这番自白固然有自谦、自我鞭策和反向激励的成分,但也不难窥见朱自清当时颇有些忐忑的心情。
在适应讲台的同时,朱自清也在人际关系上遭遇了不少难处。他的性格,外表谦和圆润,实际上极有原则和自己的坚持。因此,他后来也在学界和文学界里获得了“狷介”的评价。余冠英回忆说:“我初次见朱佩弦先生是在民国十年,那时他新就聘扬州江苏省立第八中学教务主任……同时我的小学教师洪为法先生带着另一个孩子也来报名,出乎意外的他们争执起来,似乎关于保证书有什么问题,一方要求通融,一方坚执不允。结果是洪先生悻悻而去。当时我觉得这位教务主任表面谦和,实在是很严厉的。”(余冠英:《痛忆佩弦师》,《文讯》第九卷第三期,1948年9月15日)内里的严厉和坚持,让朱自清始终学不会圆滑,不会曲意逢迎。后来,他从江苏省立第八中学辞职,自言“我在八中因为太忙了,教员学生也难融洽”,事情的起因,其实在于一位资深教师在别校兼课,两个学校距离太远,以致影响午饭。朱自清排课表时不知道这件事,虽然后来做了调整,同事还是到校长那里告了状。老于世故的校长虽不明说,但在话语里曲意偏袒。于是朱自清愤而辞职。后来,他在《憎》里谈及了这件事。这次辞职事件,还波及了妻儿——“家里人讽你也走。哪里走!只得硬着头皮往你家去。那时你家像个冰窖子,你们在窖里足足住了三个月。好容易我才将你们领出来了,一同上外省去。小家庭这样组织起来了。”
拒绝空虚,拒绝堕落,追寻每时每刻的
价值和乐趣
各方的压力之下,朱自清不免心生苦闷。1922年春,他在给好友俞平伯的信中说:“日来颇自惭愧,觉得自己情绪终觉狭小、浅薄,所以常要借重技巧。这真是极不正当的事!想想,很为灰心,拟作之稿,几乎想要搁笔——但因‘敝帚自珍’底习气,终于决定续写了!以后颇想做些事业,抉发那情绪的错,因为只有狭小的情绪,实在辜负了我的生活了!”同年,朱自清与朋友们在杭州畅游,友朋知己结伴的快意让他略感轻松,但又深知自我放松,并不是一条光明的路。“六月间在杭州。因湖上三夜的畅游,叫我觉得飘飘然如轻烟,如浮云,丝毫立不定脚跟。常时颇以诱惑的纠缠为苦,而亟亟求毁灭。”

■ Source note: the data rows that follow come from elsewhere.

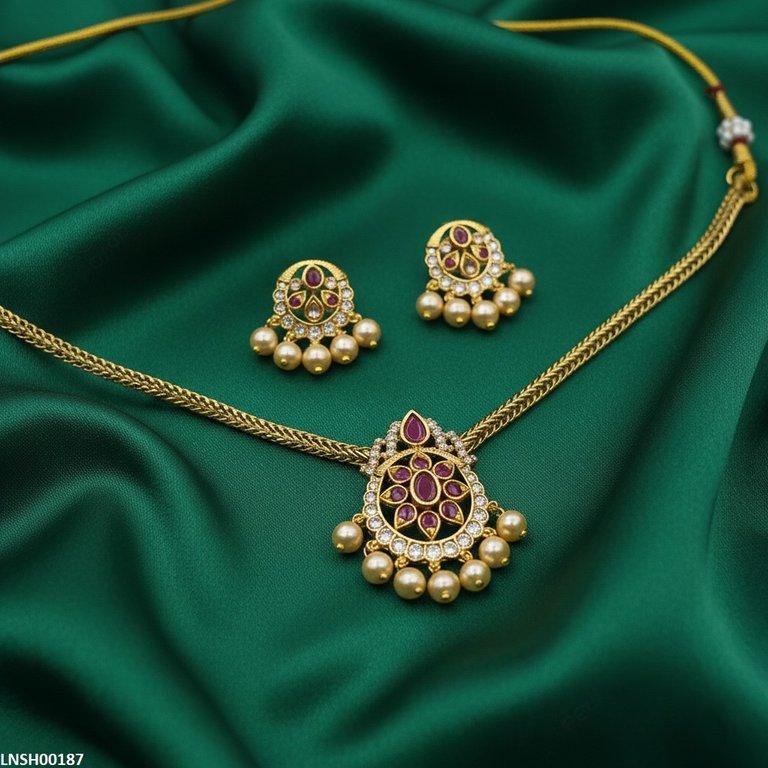 Tear/Oval Flower Pearl Drop Necklace Set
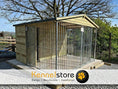 Load image into Gallery viewer, Front Entry Wymbury Deluxe kennel and run – side view showing full depth and apex roof profile
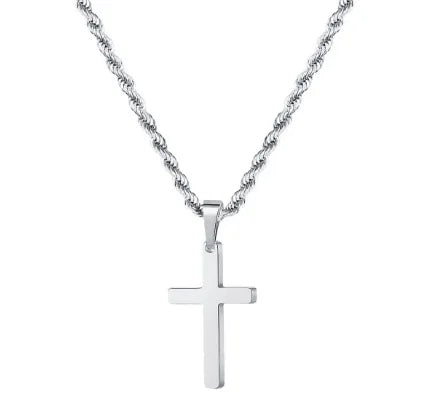 HNSP Stainless Steel Double Chain Cross Necklace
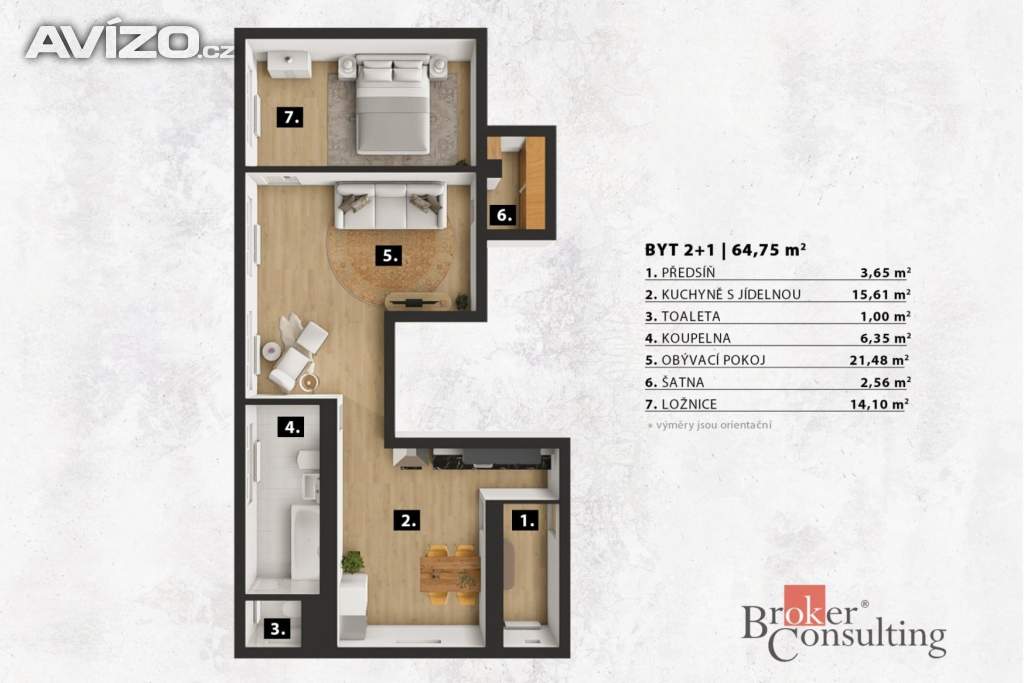 Foto inzerátu Pronájem bytu 2+1 64 m², Praha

但惆怅也好,诱惑也罢,都不是朱自清所甘愿的。他坦言道:“我不堪这个空虚,便觉飘飘然终是不成,只有转向,才可比较安心——比较能使感情平静。于是我的生活里便起了一个转机。暑假中在家,和种种铁颜的事实接触之后,更觉颓废不下去,于是便决定了我的刹那主义!我第一要使生活底各个过程都有它独立之意义和价值。——每一刹那有每一刹那的意义和价值!我们只需‘鸟瞰’地认明每一刹那自己的地位,极力求这一刹那里充分的发展,便是有趣味的事,便是安定的生活。总之,平常地说,我只是在行为上主张一种日常生活的中和主义。”
于是,1922年底,朱自清写下了他创作生涯中十分重要的一首长诗《毁灭》。诗歌的灵感,来自与朋友们西湖上的三夜畅游。“约莫今年五月里,我在杭州遇见Y君。他谈他的刹那主义。他不管什么法律,什么道德,只求刹那的享乐。回顾与前瞻,在他都是可笑的。这正是颓废的刹那主义。我意不然!”《毁灭》里有似乎绵延不尽的彷徨:
白云中有我,
天风的飘飘,
深渊里有我,
伏流的滔滔;
只在青青的,
青青的土泥上,
不曾印着浅浅的,
隐隐约约的,
我的足迹!
我流离转徙,
我流离转徙;
脚尖儿踏呀,
却踏不上自己的国土!
……
但在最后,我们却又被诗句里蓬勃的正能量包裹着,几乎要与他一起喊出这样的心声:“从此我不再仰眼看青天,/不再低头看白水,/只谨慎着我双双的脚步;/我要一步步踏在土泥上,/打上深深的脚印!”这样的“刹那主义”,与其说是颓废的,不如说是争取的、积极的,与其说是逃避事实的,不如说是入世的、实际的。因此,《毁灭》一经发表,就让许多读者深受感动。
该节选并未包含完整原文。